Print

Print


Hello, Graeme:

It's not a foolish question.  The download file is a pretty good size and that can make it seem a little unwieldly.

The "New Pilot" JSON downloads are newline delimited, meaning each resource is on its own line.  As chance would have it, this SO post pretty much describes the source JSON you are dealing with and solution for reading line-by-line.  (See the next answer too.)

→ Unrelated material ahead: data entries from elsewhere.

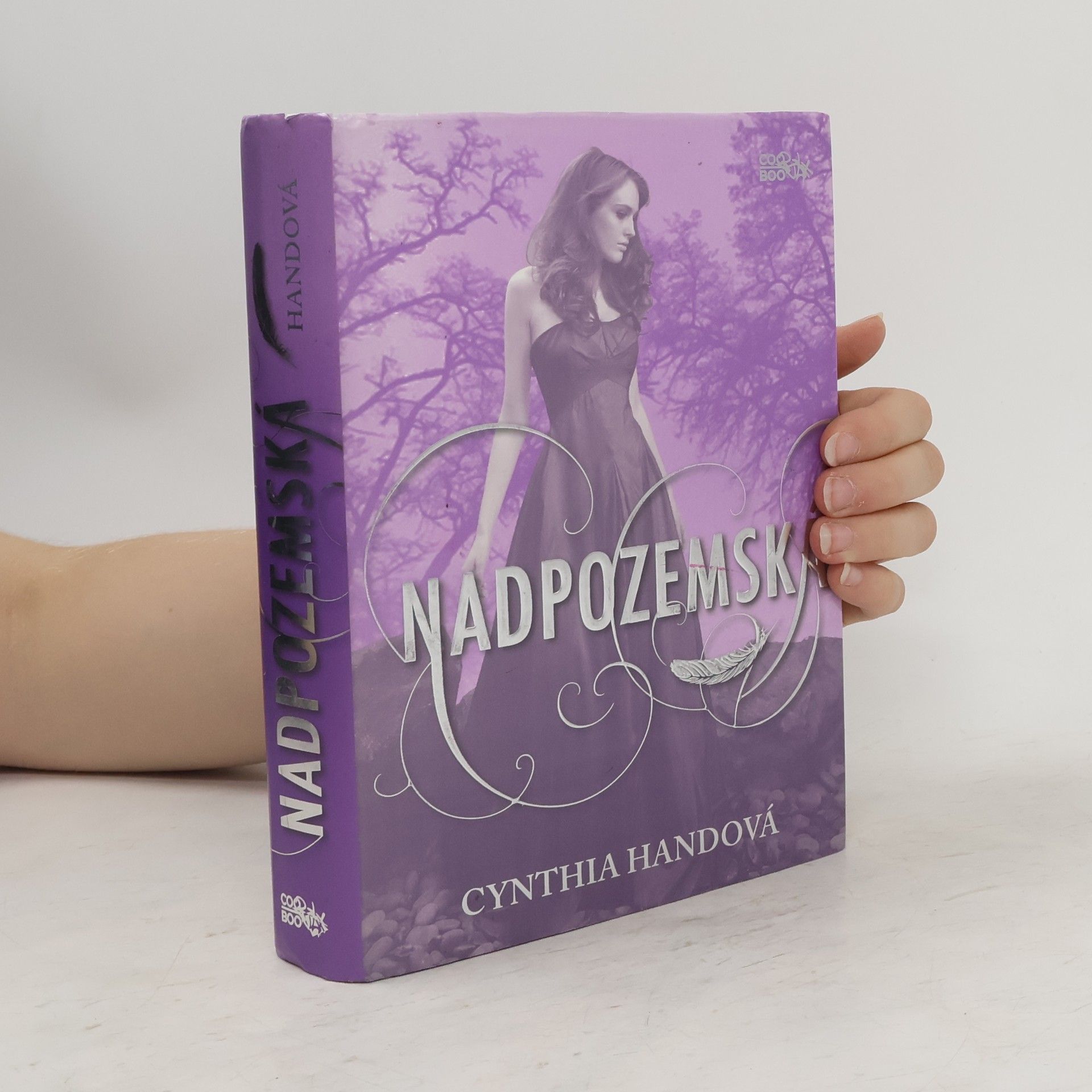Cynthia Hand Nadpozemská. První díl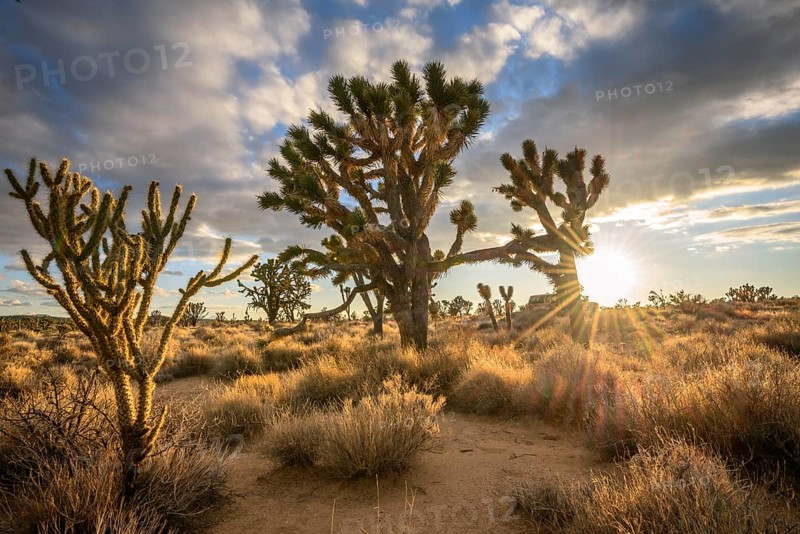 Joshua Trees (Yucca brevifolia) at sunset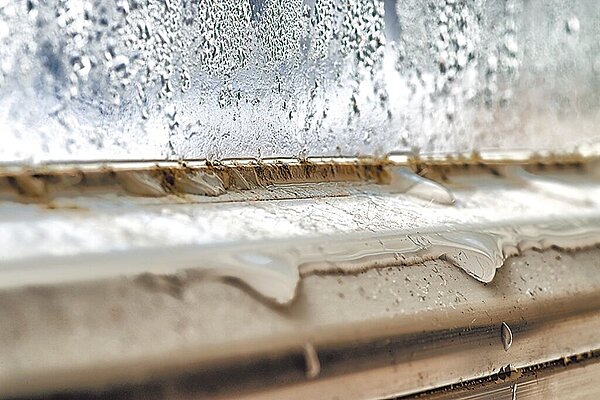 秋冬濕冷,信義居家提供抗濕3大心法。(信義居家提供)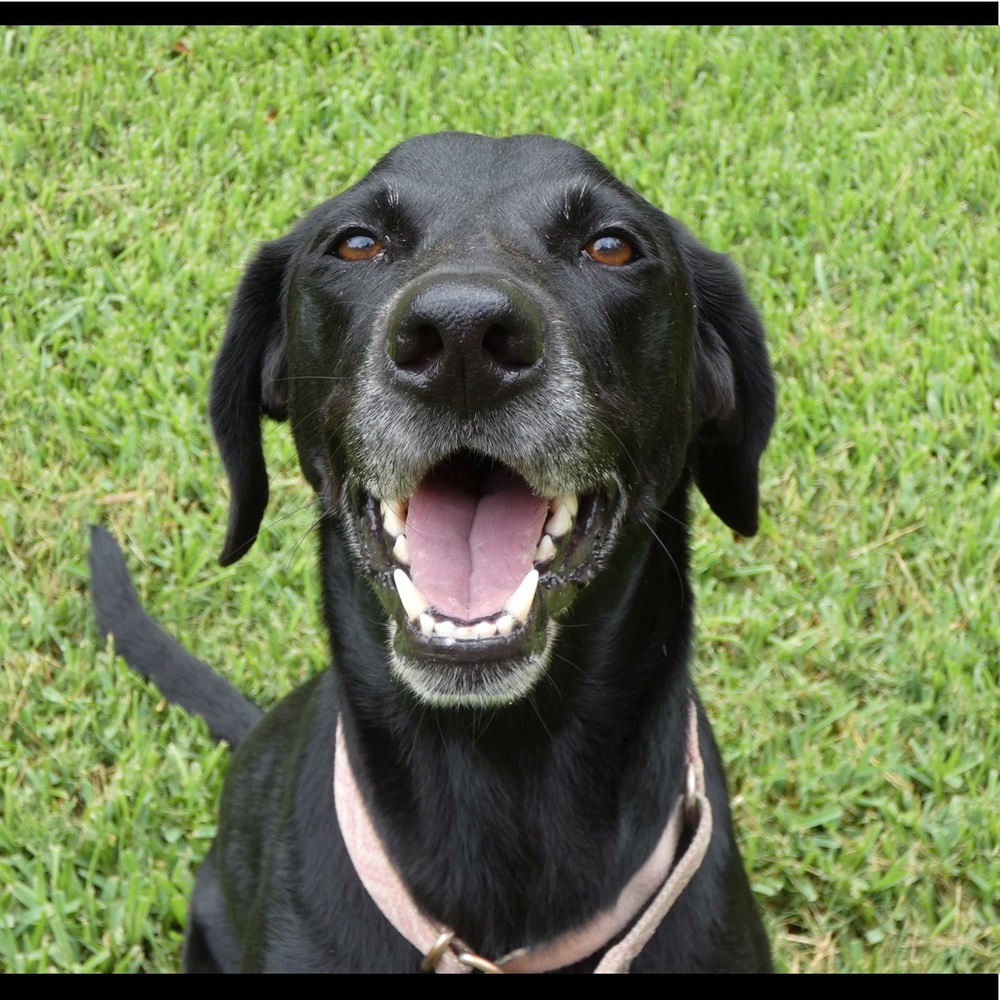 Meet your Posher, Leah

https://stackoverflow.com/a/12451465

Best of luck,
Kevin

--
Kevin Ford
Library of Congress
Washington, DC


-----Original Message-----
From: Code for Libraries <[log in to unmask]> On Behalf Of Graeme Williams
Sent: Thursday, April 1, 2021 5:11 PM
To: [log in to unmask]
Subject: [CODE4LIB] A question ...

You can download Library of Congress authority files in various formats from https://id.loc.gov/download/

Since it's April Fool's Day, let me ask a foolish question:  does anyone have code for extracting data from these files?  Preferably the MADS/RDF/JSON format files.  Preferably Python code.

I'm interested in extracting (e.g.) the names from the name authority file, so I can check the various name fields in a MARC record (e.g., 100 $a) -- and do it locally, without calling an API for each entry.

Graeme Williams
Las Vegas, NV
github.com/lagbolt